(PROVIDED RECORDS)

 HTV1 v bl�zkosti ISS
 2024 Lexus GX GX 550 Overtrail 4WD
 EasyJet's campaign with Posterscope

(End PROVIDED RECORDS)
(PROVIDED RECORDS)

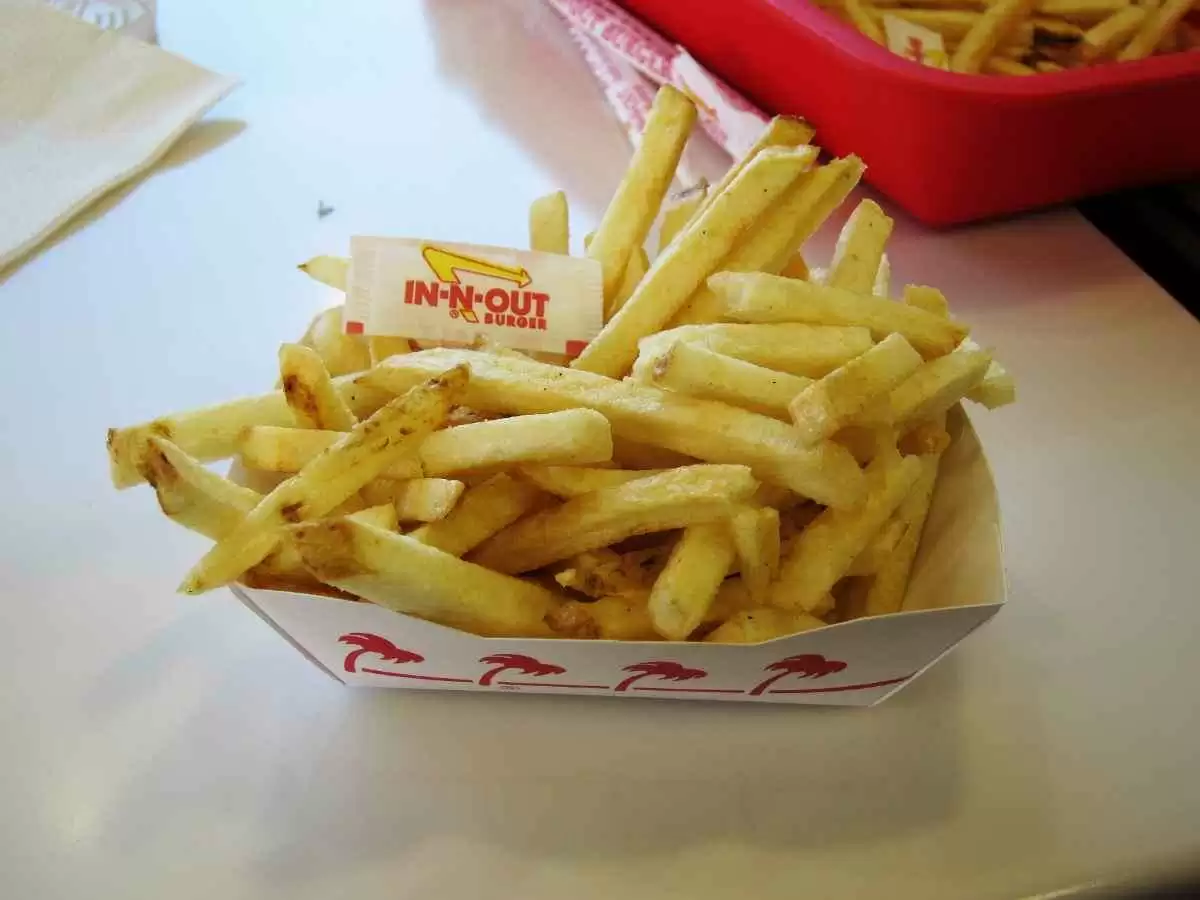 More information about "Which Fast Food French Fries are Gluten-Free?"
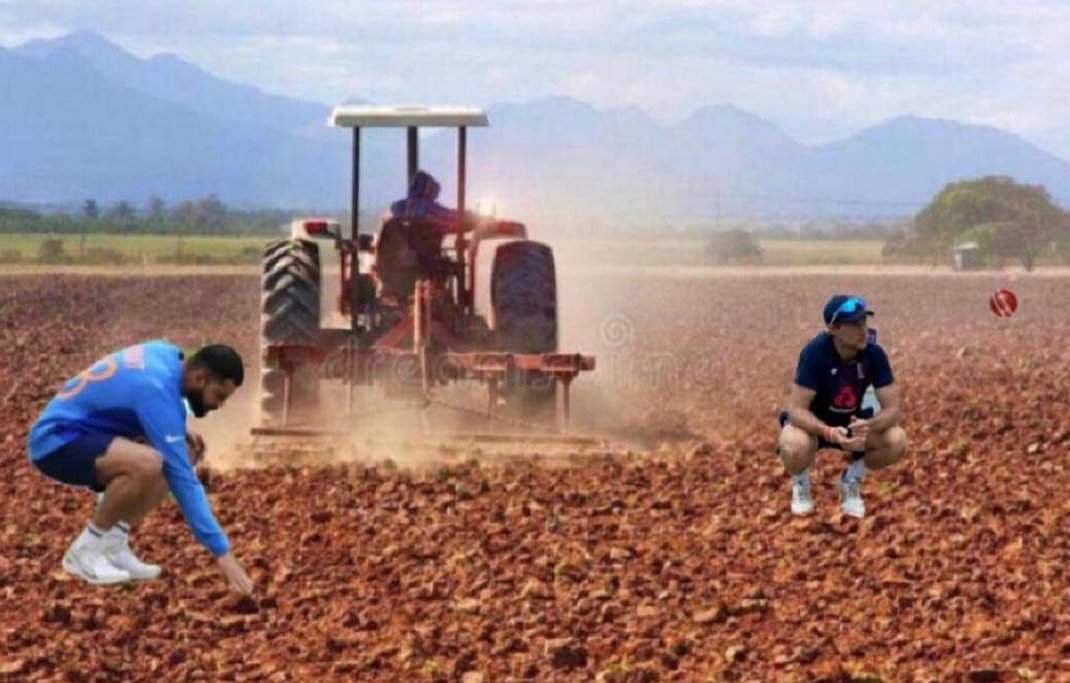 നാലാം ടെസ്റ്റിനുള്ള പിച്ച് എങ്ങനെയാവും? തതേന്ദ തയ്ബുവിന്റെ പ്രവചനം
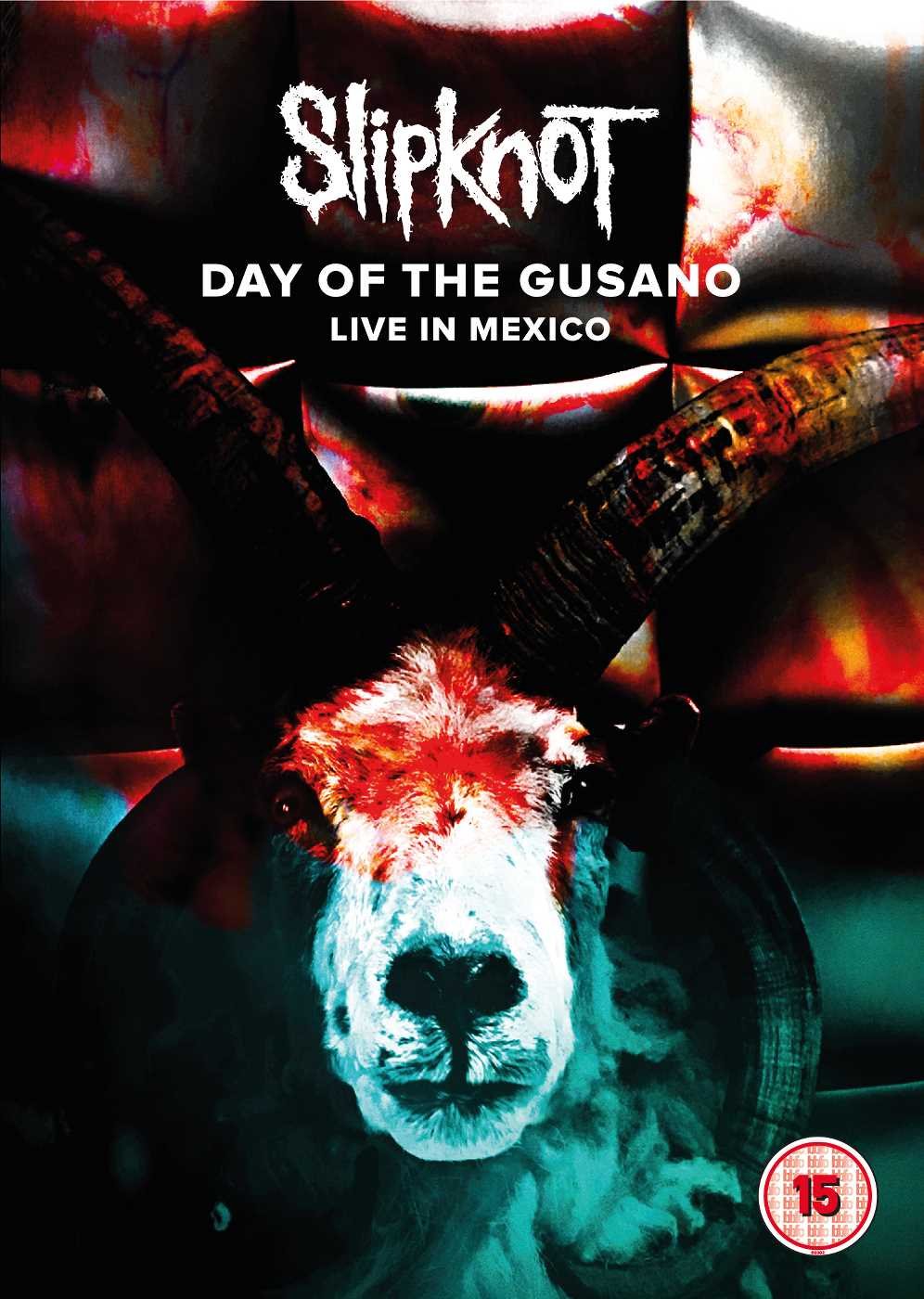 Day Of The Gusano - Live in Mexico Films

(End PROVIDED RECORDS)

- [EXERCISE REQUIREMENTS]:
From the material above, set down exactly the lines between the line holding "HTV1 v bl�zkosti ISS" and the line holding "EasyJet's campaign with Posterscope", inclusive. Include nothing else.

- [EXPECTED ANSWER]:
 HTV1 v bl�zkosti ISS
 2024 Lexus GX GX 550 Overtrail 4WD
 EasyJet's campaign with Posterscope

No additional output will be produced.